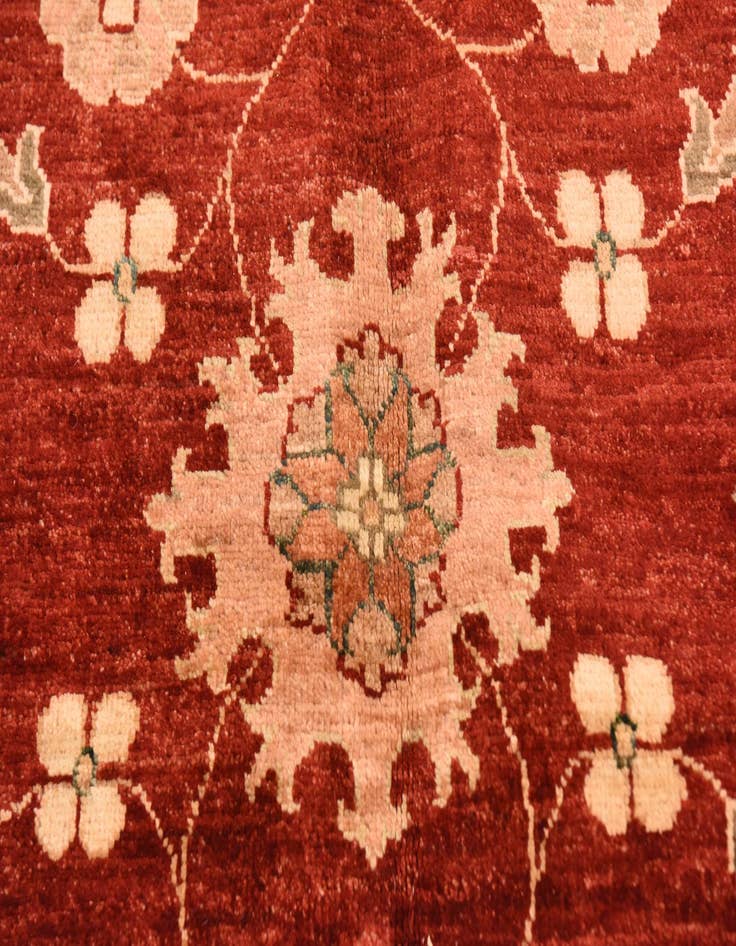 Detail image of  9' 11 x 12' 9  Hand Knotted Peshawar Ziegler Rug
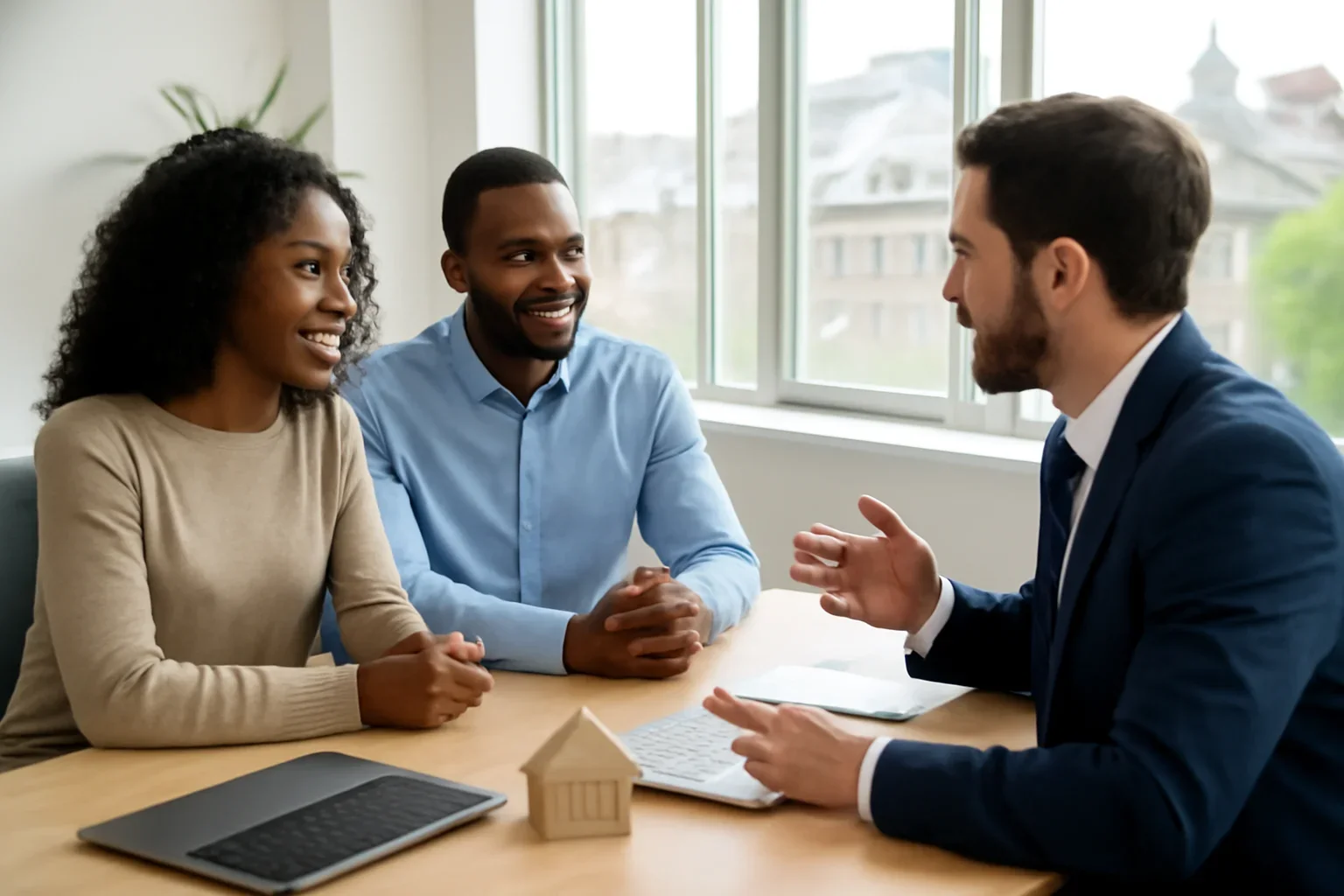 Mortgage Calculator mortgage consultation scene
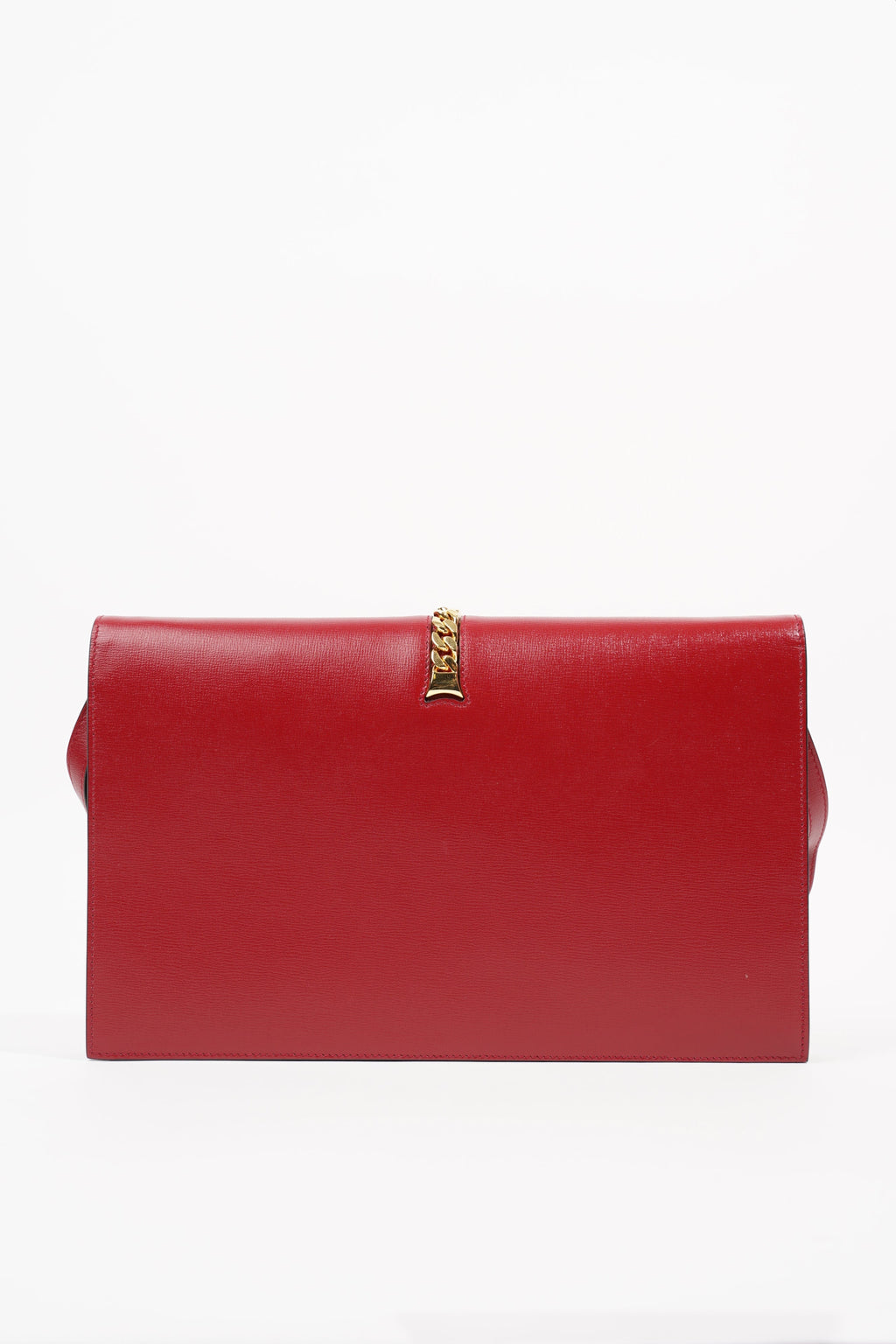 Gucci Womans Sylvie 1969 Shoulder Bag Red Medium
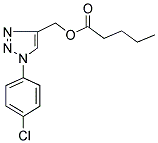 [1-(4-CHLOROPHENYL)-1H-1,2,3-TRIAZOL-4-YL]METHYL PENTANOATE 结构式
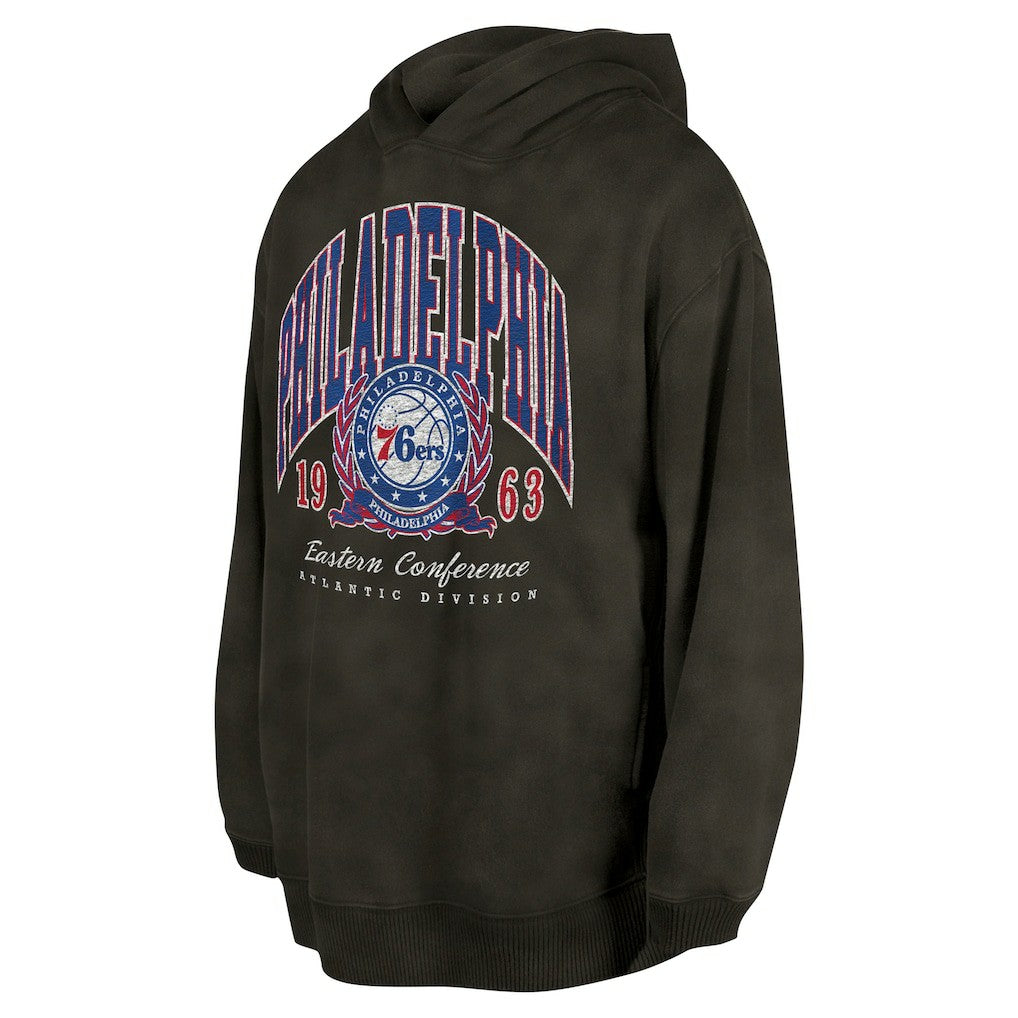 NBA Philadelphia 76ers Unisex Oversized Essentials Pigment Wash Fleece Pullover Hoodie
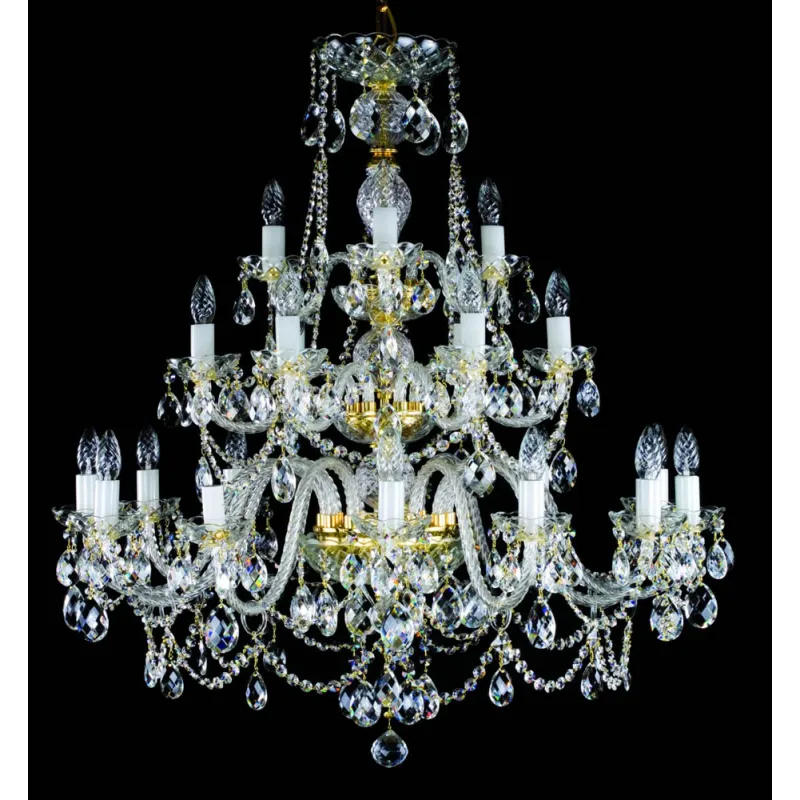 Candelabru Crista, Bohemia, E14, L101040CLN, Crystal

Problem to solve -> Restate the entries above word for word, keeping pictures out of the copy.

Finished exercise ->
 Detail image of  9' 11 x 12' 9  Hand Knotted Peshawar Ziegler Rug
 Mortgage Calculator mortgage consultation scene
 Gucci Womans Sylvie 1969 Shoulder Bag Red Medium
 [1-(4-CHLOROPHENYL)-1H-1,2,3-TRIAZOL-4-YL]METHYL PENTANOATE 结构式
 NBA Philadelphia 76ers Unisex Oversized Essentials Pigment Wash Fleece Pullover Hoodie
 Candelabru Crista, Bohemia, E14, L101040CLN, Crystal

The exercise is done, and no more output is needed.